After arriving by train, we settled into our room at the Hotel La Zorza, which provided a large one-bedroom apartment above a nice bar/restaurant at a very reasonable price. It only took us about ten minutes to explore the city and take in the beautiful scenery.
While our hotel apartment was great, we had no WiFi or cellular/data coverage in the room. We did get WiFi downstairs, at the bar, and we got coverage a bit closer to the coast. This makes planning our two-day visit a bit difficult, but not impossible. Yea…we pretty much waited until the last minute to really figure things out.
Hiking in Cinque Terre
One of the biggest draws of the Cinque Terre, other than the beaches, is hiking between the towns. There are two trails: the Sentiero Azzurro (“blue trail”), which hugs the coast and runs through all five towns, and the Sentiero Rosso (“red trail”), which is farther up on the hillside. As you might guess, the names refer to the colors of each trail on the official map.
Sadly, a mudslide in October 2011 destroyed part of the more popular Sentiero Azzurro and caused extensive damage in some of the towns. Based on research, we expected the trail to be repaired and open when we visited in 2013. It wasn’t.
In fact, parts of the trail are still closed, or maybe re-closed (January 2018), for various reasons.
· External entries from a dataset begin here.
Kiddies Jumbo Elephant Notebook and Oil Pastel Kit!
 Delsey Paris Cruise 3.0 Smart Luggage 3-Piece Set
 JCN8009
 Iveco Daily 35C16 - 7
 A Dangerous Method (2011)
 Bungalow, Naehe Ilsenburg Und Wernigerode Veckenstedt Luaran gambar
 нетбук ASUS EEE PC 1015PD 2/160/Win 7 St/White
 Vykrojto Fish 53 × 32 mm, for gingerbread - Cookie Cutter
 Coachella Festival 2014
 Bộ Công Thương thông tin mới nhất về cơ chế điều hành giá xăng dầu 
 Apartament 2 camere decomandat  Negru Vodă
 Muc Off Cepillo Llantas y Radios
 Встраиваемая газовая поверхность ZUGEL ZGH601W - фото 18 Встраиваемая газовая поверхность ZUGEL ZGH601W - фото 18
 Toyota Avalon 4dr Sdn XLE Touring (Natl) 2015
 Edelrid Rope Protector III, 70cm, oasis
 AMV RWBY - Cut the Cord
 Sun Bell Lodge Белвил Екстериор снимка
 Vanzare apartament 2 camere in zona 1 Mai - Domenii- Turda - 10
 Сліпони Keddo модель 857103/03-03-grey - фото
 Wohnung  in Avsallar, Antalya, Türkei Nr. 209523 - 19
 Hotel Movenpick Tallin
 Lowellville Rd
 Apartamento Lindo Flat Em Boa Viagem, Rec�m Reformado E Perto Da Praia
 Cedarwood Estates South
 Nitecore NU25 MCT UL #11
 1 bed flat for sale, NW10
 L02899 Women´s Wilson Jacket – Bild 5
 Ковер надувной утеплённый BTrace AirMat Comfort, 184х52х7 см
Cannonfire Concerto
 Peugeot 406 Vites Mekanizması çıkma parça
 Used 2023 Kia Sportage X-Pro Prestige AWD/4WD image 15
One part is expected to open later in 2018, but another won’t open until 2021. If you are planning a trip, be flexible, as the trail is very delicate!
Additionally, in recent years there has been talk of limiting the number of hikers. I don’t think any limitations have actually gone into effect yet, but you do need a permit now. Be sure to check in at a park office before setting off on a hike!
After briefly considering the “high” trail, we decided to just do the more popular Blue Trail along the coast, the Sentiero Azzurro. This would allow us to see the towns and would be a lot less stressful on our bodies! According to our research, this trail is accessible for anyone in reasonably good shape.
We, of course, wanted to hike the entire trail, through all five towns. According to our book, Hiking in Italy, this should only take about five hours – a very easy day hike for us. Obviously, the trail closures thwarted that plan.
The trail is split into four sections, with each section connecting two towns. The eastern two sections, closest to Riomaggiore were closed, so we started on the other end and hiked as far as we could. We took the train to Monterrosso al Mare and started the hike.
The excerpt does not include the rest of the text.